(Stored data entries)
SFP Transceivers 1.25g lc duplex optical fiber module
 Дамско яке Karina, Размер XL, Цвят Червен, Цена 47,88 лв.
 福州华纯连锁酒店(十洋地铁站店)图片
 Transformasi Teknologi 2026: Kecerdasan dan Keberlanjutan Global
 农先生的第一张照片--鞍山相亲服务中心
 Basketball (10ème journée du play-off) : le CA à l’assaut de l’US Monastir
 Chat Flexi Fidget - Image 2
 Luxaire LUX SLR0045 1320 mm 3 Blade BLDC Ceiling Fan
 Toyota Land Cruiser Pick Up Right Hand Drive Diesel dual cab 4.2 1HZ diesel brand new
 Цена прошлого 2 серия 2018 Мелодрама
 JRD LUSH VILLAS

▸ **Task description**:
Your response should hold only an exact copy of the lines above, from the one containing "Basketball (10ème journée" through the end of the entries.

▸ **Task answer**:
 Basketball (10ème journée du play-off) : le CA à l’assaut de l’US Monastir
 Chat Flexi Fidget - Image 2
 Luxaire LUX SLR0045 1320 mm 3 Blade BLDC Ceiling Fan
 Toyota Land Cruiser Pick Up Right Hand Drive Diesel dual cab 4.2 1HZ diesel brand new
 Цена прошлого 2 серия 2018 Мелодрама
 JRD LUSH VILLAS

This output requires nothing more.